I tried to firm up in my mind what Ziggy and Bart had agreed on about terms and such. “OK, shoot.”
“Well, first off, do you always come out of the studio with a hard on?”
I tried to take a step back, but my legs didn’t work quite right, I stumbled. So he wasn’t here for drugs. I was about to say something, what exactly I don’t know, when he took his hands out of his pockets.
“Sorry,” he smiled, looking down. “I just couldn’t resist.”
“Get to the point.” I wanted to put the guitar down, I wanted to get out of that alley, among other things. “I don’t like flirts.
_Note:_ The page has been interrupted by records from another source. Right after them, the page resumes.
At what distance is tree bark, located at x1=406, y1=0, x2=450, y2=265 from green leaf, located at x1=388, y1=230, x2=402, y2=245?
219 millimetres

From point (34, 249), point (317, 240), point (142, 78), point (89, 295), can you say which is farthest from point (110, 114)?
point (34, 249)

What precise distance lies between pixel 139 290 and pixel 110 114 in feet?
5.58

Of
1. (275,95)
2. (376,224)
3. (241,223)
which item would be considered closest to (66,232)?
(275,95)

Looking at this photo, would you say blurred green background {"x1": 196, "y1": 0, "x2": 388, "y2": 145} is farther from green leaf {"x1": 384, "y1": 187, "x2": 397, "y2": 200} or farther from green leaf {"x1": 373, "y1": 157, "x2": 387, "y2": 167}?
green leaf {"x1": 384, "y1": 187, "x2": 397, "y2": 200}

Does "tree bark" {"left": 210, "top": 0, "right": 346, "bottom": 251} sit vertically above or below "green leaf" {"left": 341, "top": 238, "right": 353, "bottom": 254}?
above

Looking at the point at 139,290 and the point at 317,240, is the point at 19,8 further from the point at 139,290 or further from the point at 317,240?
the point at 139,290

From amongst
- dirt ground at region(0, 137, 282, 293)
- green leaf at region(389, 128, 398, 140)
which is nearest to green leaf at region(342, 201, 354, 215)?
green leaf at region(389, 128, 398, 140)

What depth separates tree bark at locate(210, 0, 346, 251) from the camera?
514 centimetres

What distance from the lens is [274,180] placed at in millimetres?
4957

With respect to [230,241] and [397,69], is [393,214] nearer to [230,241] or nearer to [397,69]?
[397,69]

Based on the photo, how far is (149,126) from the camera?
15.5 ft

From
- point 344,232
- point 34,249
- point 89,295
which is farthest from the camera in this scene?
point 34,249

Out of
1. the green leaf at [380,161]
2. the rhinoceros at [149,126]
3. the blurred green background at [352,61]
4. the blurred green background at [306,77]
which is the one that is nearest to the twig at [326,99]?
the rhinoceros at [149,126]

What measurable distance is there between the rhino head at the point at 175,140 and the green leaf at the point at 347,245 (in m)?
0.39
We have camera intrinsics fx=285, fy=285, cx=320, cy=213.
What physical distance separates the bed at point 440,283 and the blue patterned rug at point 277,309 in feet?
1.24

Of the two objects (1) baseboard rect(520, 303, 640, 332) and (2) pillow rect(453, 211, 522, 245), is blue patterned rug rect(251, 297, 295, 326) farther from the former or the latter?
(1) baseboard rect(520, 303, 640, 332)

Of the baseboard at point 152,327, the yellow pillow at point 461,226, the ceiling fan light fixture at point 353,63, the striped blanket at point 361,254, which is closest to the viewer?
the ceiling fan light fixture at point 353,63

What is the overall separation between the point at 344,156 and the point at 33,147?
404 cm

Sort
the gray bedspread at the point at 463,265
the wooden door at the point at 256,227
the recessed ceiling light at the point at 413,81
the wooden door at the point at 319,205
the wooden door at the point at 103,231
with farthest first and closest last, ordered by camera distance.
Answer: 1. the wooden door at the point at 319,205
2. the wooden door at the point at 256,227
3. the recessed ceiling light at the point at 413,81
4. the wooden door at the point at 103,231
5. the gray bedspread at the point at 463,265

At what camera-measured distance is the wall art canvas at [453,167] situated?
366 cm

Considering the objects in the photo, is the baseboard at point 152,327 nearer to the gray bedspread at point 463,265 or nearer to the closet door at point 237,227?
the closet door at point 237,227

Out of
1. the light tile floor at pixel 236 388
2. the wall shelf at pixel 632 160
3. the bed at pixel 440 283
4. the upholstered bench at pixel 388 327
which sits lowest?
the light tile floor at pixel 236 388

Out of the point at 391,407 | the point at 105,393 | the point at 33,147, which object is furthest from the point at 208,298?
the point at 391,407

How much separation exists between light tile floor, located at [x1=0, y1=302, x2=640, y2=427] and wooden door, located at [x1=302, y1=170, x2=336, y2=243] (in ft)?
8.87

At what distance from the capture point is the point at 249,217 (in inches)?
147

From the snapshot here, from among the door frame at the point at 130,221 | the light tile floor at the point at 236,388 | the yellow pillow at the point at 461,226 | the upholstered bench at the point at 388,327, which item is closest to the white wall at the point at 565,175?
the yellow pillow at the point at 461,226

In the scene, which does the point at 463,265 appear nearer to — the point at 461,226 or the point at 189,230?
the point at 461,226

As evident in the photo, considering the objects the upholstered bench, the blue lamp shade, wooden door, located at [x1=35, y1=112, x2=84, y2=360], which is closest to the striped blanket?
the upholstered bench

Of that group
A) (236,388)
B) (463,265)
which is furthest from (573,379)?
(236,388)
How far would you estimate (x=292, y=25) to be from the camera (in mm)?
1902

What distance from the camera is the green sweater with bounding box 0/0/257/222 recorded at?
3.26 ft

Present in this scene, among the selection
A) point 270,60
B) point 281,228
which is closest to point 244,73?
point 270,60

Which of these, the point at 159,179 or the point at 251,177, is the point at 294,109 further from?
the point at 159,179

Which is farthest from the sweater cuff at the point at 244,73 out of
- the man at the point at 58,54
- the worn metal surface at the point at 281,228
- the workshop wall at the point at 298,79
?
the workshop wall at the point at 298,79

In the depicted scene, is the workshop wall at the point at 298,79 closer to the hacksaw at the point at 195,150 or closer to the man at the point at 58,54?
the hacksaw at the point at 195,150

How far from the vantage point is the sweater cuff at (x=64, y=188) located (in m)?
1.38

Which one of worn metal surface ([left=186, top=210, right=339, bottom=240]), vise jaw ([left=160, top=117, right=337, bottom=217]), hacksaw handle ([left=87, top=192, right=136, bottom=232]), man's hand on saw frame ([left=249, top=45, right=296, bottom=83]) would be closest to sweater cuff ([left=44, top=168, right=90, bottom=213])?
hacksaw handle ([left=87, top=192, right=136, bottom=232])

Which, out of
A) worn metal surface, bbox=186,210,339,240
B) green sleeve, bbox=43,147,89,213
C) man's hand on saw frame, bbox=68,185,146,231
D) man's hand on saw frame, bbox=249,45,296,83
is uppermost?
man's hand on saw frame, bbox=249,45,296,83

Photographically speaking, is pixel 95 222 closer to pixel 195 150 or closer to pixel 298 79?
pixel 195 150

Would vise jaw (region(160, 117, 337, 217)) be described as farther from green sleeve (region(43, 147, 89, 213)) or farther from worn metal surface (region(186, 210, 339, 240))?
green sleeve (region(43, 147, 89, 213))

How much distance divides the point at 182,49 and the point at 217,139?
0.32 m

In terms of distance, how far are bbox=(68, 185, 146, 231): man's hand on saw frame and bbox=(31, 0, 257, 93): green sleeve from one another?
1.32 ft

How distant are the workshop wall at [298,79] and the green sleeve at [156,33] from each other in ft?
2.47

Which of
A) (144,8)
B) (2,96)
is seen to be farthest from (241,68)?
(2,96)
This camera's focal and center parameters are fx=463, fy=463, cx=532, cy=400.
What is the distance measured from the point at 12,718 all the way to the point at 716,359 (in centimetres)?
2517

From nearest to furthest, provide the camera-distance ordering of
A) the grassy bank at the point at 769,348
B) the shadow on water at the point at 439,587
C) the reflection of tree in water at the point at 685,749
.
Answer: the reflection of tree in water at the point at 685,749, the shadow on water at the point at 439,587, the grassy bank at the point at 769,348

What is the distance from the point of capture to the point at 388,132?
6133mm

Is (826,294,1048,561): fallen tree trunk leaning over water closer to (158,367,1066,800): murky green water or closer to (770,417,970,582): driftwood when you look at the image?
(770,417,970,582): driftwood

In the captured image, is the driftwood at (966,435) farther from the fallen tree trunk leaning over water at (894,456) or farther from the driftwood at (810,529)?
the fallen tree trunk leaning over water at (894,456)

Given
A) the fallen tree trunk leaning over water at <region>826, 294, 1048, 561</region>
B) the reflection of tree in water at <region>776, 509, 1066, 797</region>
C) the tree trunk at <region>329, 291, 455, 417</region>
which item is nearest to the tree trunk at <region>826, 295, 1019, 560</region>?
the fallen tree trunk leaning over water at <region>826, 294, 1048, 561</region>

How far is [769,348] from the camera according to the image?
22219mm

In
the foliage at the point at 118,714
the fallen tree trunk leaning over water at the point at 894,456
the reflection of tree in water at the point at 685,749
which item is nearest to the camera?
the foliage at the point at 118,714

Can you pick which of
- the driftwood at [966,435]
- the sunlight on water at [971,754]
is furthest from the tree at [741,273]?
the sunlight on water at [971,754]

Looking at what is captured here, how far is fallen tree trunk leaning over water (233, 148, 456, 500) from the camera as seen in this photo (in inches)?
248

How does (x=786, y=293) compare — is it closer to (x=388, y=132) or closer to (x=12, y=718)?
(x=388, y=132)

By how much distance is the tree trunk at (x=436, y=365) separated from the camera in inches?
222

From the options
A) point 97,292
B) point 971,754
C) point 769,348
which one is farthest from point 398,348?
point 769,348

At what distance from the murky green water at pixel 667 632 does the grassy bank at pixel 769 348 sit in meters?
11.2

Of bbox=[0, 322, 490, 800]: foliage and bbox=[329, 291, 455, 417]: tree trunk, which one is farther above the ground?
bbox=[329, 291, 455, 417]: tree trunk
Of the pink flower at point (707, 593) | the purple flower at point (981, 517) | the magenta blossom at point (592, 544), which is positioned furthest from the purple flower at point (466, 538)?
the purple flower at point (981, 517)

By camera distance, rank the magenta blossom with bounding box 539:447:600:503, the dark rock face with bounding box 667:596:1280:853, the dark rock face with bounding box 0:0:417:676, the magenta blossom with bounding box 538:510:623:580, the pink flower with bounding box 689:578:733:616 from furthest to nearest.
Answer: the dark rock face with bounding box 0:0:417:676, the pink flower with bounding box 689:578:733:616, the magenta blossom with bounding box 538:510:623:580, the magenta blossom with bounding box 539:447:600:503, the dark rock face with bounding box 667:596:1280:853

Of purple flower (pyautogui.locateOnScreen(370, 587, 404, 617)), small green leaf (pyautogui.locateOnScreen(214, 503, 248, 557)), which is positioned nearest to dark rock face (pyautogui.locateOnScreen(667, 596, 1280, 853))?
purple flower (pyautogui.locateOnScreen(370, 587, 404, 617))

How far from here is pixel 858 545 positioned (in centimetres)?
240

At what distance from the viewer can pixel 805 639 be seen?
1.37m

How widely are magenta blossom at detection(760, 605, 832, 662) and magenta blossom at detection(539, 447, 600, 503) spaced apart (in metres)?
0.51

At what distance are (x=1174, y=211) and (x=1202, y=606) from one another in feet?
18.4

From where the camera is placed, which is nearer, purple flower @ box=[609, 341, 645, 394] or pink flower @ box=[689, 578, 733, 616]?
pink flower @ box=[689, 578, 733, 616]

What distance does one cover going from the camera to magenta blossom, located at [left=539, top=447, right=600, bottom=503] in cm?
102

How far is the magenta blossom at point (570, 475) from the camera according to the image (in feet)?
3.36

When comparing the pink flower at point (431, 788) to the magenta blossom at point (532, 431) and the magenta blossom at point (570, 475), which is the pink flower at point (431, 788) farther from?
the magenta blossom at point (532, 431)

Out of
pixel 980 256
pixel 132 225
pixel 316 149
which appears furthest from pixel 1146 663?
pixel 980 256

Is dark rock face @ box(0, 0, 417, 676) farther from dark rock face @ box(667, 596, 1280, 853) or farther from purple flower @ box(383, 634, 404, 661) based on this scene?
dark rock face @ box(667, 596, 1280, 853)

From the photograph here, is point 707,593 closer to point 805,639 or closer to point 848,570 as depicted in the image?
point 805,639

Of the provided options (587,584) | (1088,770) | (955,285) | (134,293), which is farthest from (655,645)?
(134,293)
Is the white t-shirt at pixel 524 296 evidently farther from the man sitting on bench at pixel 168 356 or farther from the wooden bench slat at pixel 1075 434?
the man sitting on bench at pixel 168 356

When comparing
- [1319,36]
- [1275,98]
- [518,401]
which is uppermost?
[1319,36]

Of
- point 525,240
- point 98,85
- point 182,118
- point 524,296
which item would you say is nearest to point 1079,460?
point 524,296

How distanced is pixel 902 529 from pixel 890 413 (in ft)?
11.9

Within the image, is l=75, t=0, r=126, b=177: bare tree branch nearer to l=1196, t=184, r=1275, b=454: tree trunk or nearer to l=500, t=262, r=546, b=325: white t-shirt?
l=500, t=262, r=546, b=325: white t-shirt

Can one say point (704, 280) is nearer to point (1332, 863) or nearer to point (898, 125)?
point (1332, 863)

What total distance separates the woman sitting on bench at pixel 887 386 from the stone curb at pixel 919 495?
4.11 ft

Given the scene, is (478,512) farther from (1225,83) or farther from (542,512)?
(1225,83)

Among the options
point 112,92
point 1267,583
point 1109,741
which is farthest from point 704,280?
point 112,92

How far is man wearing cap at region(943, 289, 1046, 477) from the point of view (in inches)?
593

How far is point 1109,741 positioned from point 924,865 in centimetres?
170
Do I know you?”
“We met two summers ago at Bart’s parents’ place. I’m Alain.”
“You’re hair was a different color, then.” We shook hands, which seemed really silly to me. He already knew my name. That is, he knew me as Daron Moondog–I couldn’t remember if that was the name I had been using when we’d last met. I couldn’t remember if we were calling ourselves Moondog 3 back then. In fact, I couldn’t remember whether I had met Ziggy yet. I smiled. “Black.”
“Yeah.” the hands in the pockets again. his hair was dirty blond, straight as a rail, long in the front but short on the sides. “This is the real color.”
“Look,” I stopped glancing at the studio door. “You want to get something to eat?”
“Yeah sure. Sure.”
I led him around the corner to the donut shop. We trod silently past the two cops at the counter, to a booth in the back. We stirred our coffees and talked about people we knew in common. He was actually a friend of a friend of Bart’s, and he did actually play drums, but he told me he was “partially committed” to some other friends. Which was fine because we had plenty of people trying out. Then some of the guys from Triangle West came in and we yakked for a while with them. They’d just played a gig at the CLub COrner and bitched endlessly about the sound there. Which was fine with me, the sound always sucks there. Then they left, and Alain began telling me about a good record store in Oldport.
I was beginning to think he had chickened out when the conversation suddenly turned to the question of crash space. He was staying with the mutual friend of Bart’s on the North side. And I said “I live ont he East Side. Why don’t you crash at my place?” And then it wasn’t in what he said but in the way he smiled that let me know I was right about him.